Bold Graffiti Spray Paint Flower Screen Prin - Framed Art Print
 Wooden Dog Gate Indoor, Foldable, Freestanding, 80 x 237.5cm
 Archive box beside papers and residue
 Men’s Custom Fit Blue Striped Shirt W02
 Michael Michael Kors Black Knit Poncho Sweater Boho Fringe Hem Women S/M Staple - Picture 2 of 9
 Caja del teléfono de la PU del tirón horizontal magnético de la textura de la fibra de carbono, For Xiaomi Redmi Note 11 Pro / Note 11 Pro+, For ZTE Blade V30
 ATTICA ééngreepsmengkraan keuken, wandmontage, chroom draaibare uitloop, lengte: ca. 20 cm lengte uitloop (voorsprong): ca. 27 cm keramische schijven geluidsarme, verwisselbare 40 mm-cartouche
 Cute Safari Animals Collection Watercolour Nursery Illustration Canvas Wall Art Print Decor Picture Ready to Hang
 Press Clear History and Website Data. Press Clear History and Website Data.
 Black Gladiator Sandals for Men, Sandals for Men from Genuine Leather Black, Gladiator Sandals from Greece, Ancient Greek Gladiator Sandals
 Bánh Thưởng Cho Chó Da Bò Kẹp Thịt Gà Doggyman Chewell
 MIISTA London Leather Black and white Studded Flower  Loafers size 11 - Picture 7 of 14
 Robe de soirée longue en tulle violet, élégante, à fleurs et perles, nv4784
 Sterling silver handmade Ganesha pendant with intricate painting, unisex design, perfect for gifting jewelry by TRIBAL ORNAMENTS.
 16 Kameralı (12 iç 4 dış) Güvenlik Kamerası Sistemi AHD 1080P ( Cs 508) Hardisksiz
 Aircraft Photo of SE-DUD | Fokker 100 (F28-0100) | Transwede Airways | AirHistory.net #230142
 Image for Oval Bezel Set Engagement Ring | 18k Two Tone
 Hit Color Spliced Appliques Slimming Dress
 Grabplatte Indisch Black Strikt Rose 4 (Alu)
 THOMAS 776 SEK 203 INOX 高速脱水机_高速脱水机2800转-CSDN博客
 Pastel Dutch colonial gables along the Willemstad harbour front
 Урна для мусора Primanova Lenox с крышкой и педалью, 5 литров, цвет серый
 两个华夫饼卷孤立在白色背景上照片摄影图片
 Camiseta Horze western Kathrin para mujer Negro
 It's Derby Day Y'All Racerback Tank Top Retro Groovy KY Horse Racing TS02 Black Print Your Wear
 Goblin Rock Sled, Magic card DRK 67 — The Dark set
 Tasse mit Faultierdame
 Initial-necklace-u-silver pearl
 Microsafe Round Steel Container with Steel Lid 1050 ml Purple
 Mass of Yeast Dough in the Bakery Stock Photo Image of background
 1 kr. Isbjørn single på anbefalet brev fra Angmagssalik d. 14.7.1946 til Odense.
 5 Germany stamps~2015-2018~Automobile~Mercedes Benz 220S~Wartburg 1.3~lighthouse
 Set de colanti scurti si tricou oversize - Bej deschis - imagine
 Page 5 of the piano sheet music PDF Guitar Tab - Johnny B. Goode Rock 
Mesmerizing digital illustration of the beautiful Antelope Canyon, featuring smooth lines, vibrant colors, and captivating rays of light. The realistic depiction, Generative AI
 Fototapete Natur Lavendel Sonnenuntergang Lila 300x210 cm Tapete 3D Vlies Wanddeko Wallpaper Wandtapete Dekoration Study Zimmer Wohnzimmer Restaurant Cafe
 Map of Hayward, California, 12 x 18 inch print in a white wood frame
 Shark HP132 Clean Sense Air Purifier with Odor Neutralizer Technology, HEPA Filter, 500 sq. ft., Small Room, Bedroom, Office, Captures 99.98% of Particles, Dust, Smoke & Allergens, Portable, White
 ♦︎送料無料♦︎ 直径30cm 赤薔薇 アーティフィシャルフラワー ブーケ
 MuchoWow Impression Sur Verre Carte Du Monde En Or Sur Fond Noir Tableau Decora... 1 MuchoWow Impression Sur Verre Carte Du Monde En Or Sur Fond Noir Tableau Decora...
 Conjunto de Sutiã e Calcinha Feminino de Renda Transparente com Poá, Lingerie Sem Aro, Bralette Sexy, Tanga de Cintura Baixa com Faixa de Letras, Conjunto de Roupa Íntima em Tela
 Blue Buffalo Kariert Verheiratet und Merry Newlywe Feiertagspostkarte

━━━━━━━━━━━━━━━━━━━━

What this task involves =
Repeat the data. Leave nothing out and change nothing.

Response =
Bold Graffiti Spray Paint Flower Screen Prin - Framed Art Print
 Wooden Dog Gate Indoor, Foldable, Freestanding, 80 x 237.5cm
 Archive box beside papers and residue
 Men’s Custom Fit Blue Striped Shirt W02
 Michael Michael Kors Black Knit Poncho Sweater Boho Fringe Hem Women S/M Staple - Picture 2 of 9
 Caja del teléfono de la PU del tirón horizontal magnético de la textura de la fibra de carbono, For Xiaomi Redmi Note 11 Pro / Note 11 Pro+, For ZTE Blade V30
 ATTICA ééngreepsmengkraan keuken, wandmontage, chroom draaibare uitloop, lengte: ca. 20 cm lengte uitloop (voorsprong): ca. 27 cm keramische schijven geluidsarme, verwisselbare 40 mm-cartouche
 Cute Safari Animals Collection Watercolour Nursery Illustration Canvas Wall Art Print Decor Picture Ready to Hang
 Press Clear History and Website Data. Press Clear History and Website Data.
 Black Gladiator Sandals for Men, Sandals for Men from Genuine Leather Black, Gladiator Sandals from Greece, Ancient Greek Gladiator Sandals
 Bánh Thưởng Cho Chó Da Bò Kẹp Thịt Gà Doggyman Chewell
 MIISTA London Leather Black and white Studded Flower  Loafers size 11 - Picture 7 of 14
 Robe de soirée longue en tulle violet, élégante, à fleurs et perles, nv4784
 Sterling silver handmade Ganesha pendant with intricate painting, unisex design, perfect for gifting jewelry by TRIBAL ORNAMENTS.
 16 Kameralı (12 iç 4 dış) Güvenlik Kamerası Sistemi AHD 1080P ( Cs 508) Hardisksiz
 Aircraft Photo of SE-DUD | Fokker 100 (F28-0100) | Transwede Airways | AirHistory.net #230142
 Image for Oval Bezel Set Engagement Ring | 18k Two Tone
 Hit Color Spliced Appliques Slimming Dress
 Grabplatte Indisch Black Strikt Rose 4 (Alu)
 THOMAS 776 SEK 203 INOX 高速脱水机_高速脱水机2800转-CSDN博客
 Pastel Dutch colonial gables along the Willemstad harbour front
 Урна для мусора Primanova Lenox с крышкой и педалью, 5 литров, цвет серый
 两个华夫饼卷孤立在白色背景上照片摄影图片
 Camiseta Horze western Kathrin para mujer Negro
 It's Derby Day Y'All Racerback Tank Top Retro Groovy KY Horse Racing TS02 Black Print Your Wear
 Goblin Rock Sled, Magic card DRK 67 — The Dark set
 Tasse mit Faultierdame
 Initial-necklace-u-silver pearl
 Microsafe Round Steel Container with Steel Lid 1050 ml Purple
 Mass of Yeast Dough in the Bakery Stock Photo Image of background
 1 kr. Isbjørn single på anbefalet brev fra Angmagssalik d. 14.7.1946 til Odense.
 5 Germany stamps~2015-2018~Automobile~Mercedes Benz 220S~Wartburg 1.3~lighthouse
 Set de colanti scurti si tricou oversize - Bej deschis - imagine
 Page 5 of the piano sheet music PDF Guitar Tab - Johnny B. Goode Rock 
Mesmerizing digital illustration of the beautiful Antelope Canyon, featuring smooth lines, vibrant colors, and captivating rays of light. The realistic depiction, Generative AI
 Fototapete Natur Lavendel Sonnenuntergang Lila 300x210 cm Tapete 3D Vlies Wanddeko Wallpaper Wandtapete Dekoration Study Zimmer Wohnzimmer Restaurant Cafe
 Map of Hayward, California, 12 x 18 inch print in a white wood frame
 Shark HP132 Clean Sense Air Purifier with Odor Neutralizer Technology, HEPA Filter, 500 sq. ft., Small Room, Bedroom, Office, Captures 99.98% of Particles, Dust, Smoke & Allergens, Portable, White
 ♦︎送料無料♦︎ 直径30cm 赤薔薇 アーティフィシャルフラワー ブーケ
 MuchoWow Impression Sur Verre Carte Du Monde En Or Sur Fond Noir Tableau Decora... 1 MuchoWow Impression Sur Verre Carte Du Monde En Or Sur Fond Noir Tableau Decora...
 Conjunto de Sutiã e Calcinha Feminino de Renda Transparente com Poá, Lingerie Sem Aro, Bralette Sexy, Tanga de Cintura Baixa com Faixa de Letras, Conjunto de Roupa Íntima em Tela
 Blue Buffalo Kariert Verheiratet und Merry Newlywe Feiertagspostkarte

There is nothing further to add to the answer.